• Exercise brief: Below this line are records; write out exactly the lines from the one containing "MAYRA ACOMPAÑÓ EL" through the one containing "Bearbrick x Transformers", with the pictures left out.

• Data to process:
╭──

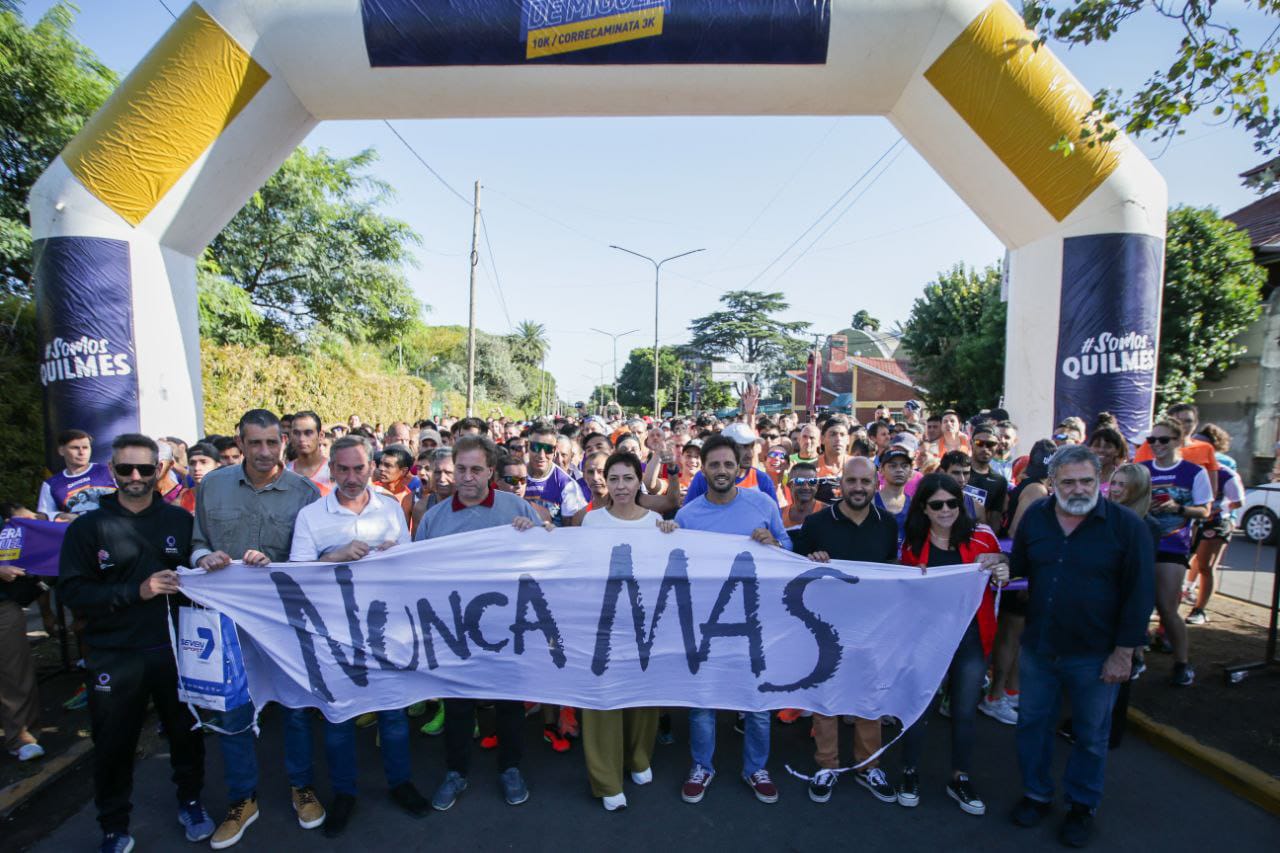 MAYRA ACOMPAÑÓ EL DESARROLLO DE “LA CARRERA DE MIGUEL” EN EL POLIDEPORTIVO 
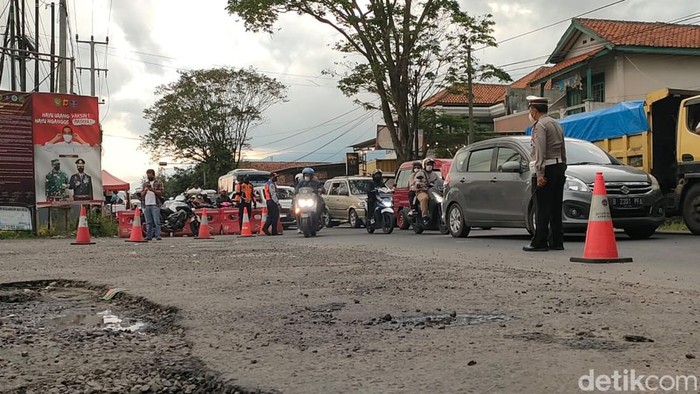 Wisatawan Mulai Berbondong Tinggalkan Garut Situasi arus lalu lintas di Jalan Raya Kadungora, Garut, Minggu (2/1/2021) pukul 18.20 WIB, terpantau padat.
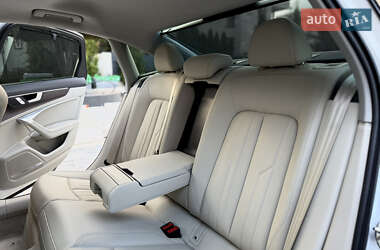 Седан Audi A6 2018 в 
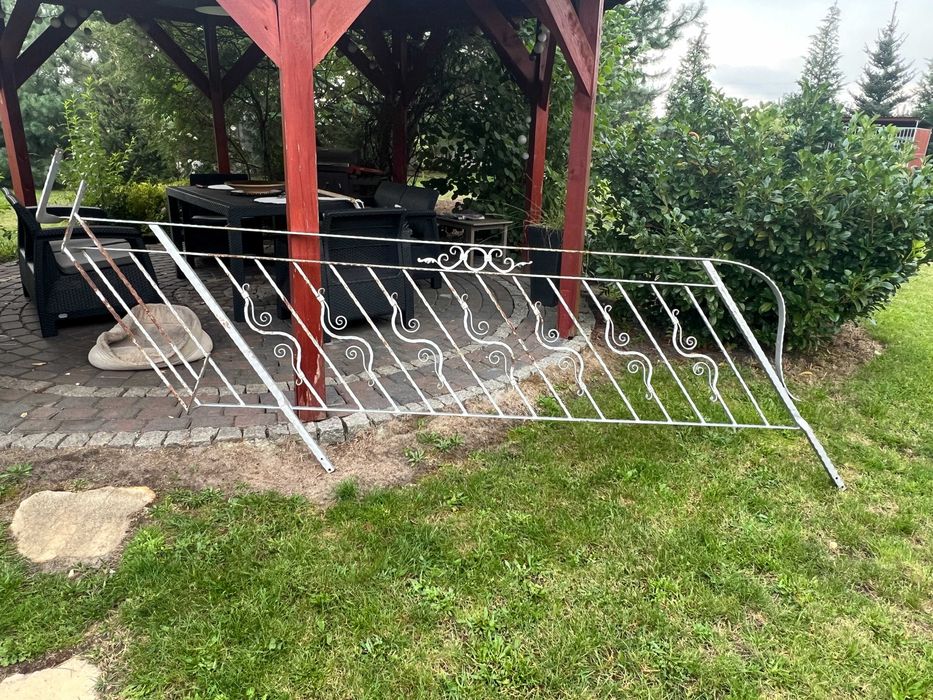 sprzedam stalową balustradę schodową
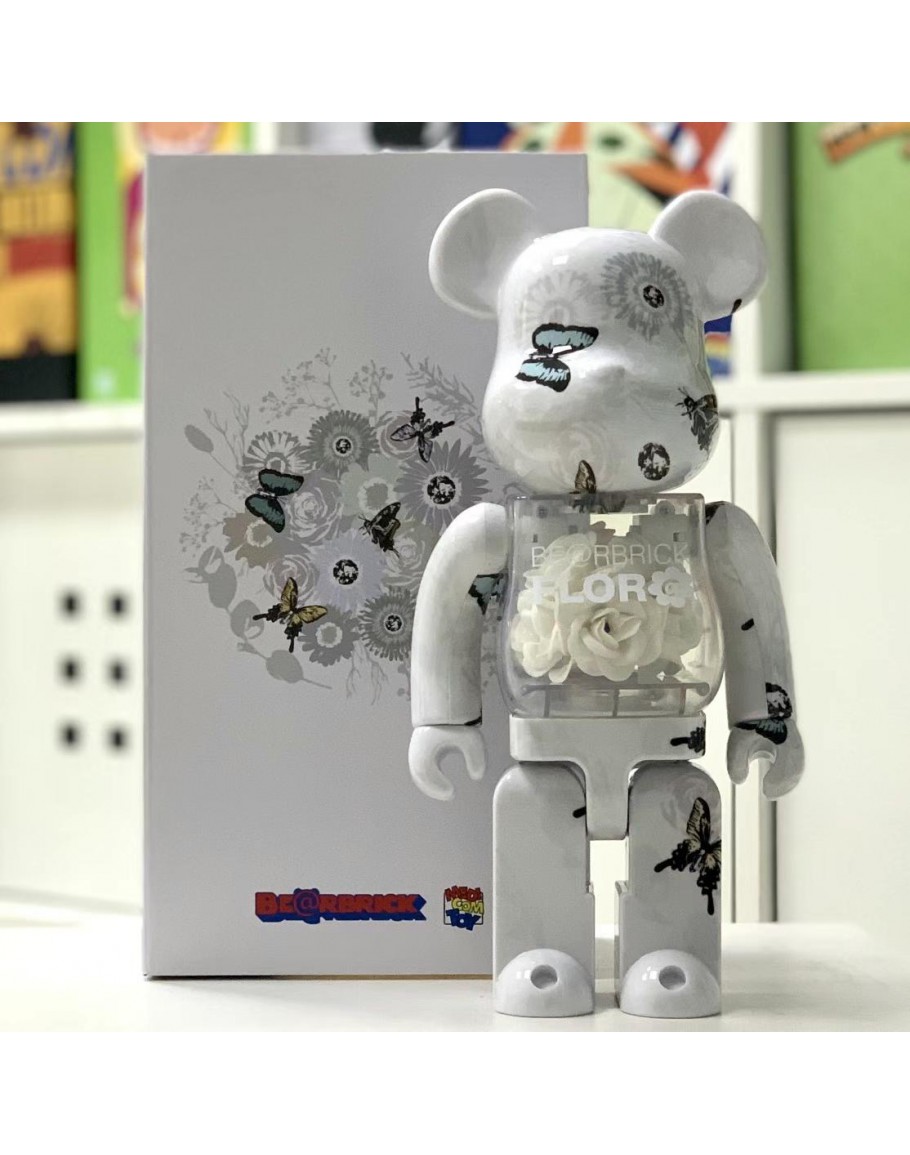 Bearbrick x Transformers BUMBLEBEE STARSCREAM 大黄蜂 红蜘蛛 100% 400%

╰──
╭──

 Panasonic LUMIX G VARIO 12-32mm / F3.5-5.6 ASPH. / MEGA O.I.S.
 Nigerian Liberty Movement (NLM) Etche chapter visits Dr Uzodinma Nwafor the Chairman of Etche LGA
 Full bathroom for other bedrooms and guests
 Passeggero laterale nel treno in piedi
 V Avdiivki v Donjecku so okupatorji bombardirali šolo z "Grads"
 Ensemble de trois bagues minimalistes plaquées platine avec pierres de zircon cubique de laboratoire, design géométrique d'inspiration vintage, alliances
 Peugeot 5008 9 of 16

╰──

• Response:
 MAYRA ACOMPAÑÓ EL DESARROLLO DE “LA CARRERA DE MIGUEL” EN EL POLIDEPORTIVO 
 Wisatawan Mulai Berbondong Tinggalkan Garut Situasi arus lalu lintas di Jalan Raya Kadungora, Garut, Minggu (2/1/2021) pukul 18.20 WIB, terpantau padat.
 Седан Audi A6 2018 в 
 sprzedam stalową balustradę schodową
 Bearbrick x Transformers BUMBLEBEE STARSCREAM 大黄蜂 红蜘蛛 100% 400%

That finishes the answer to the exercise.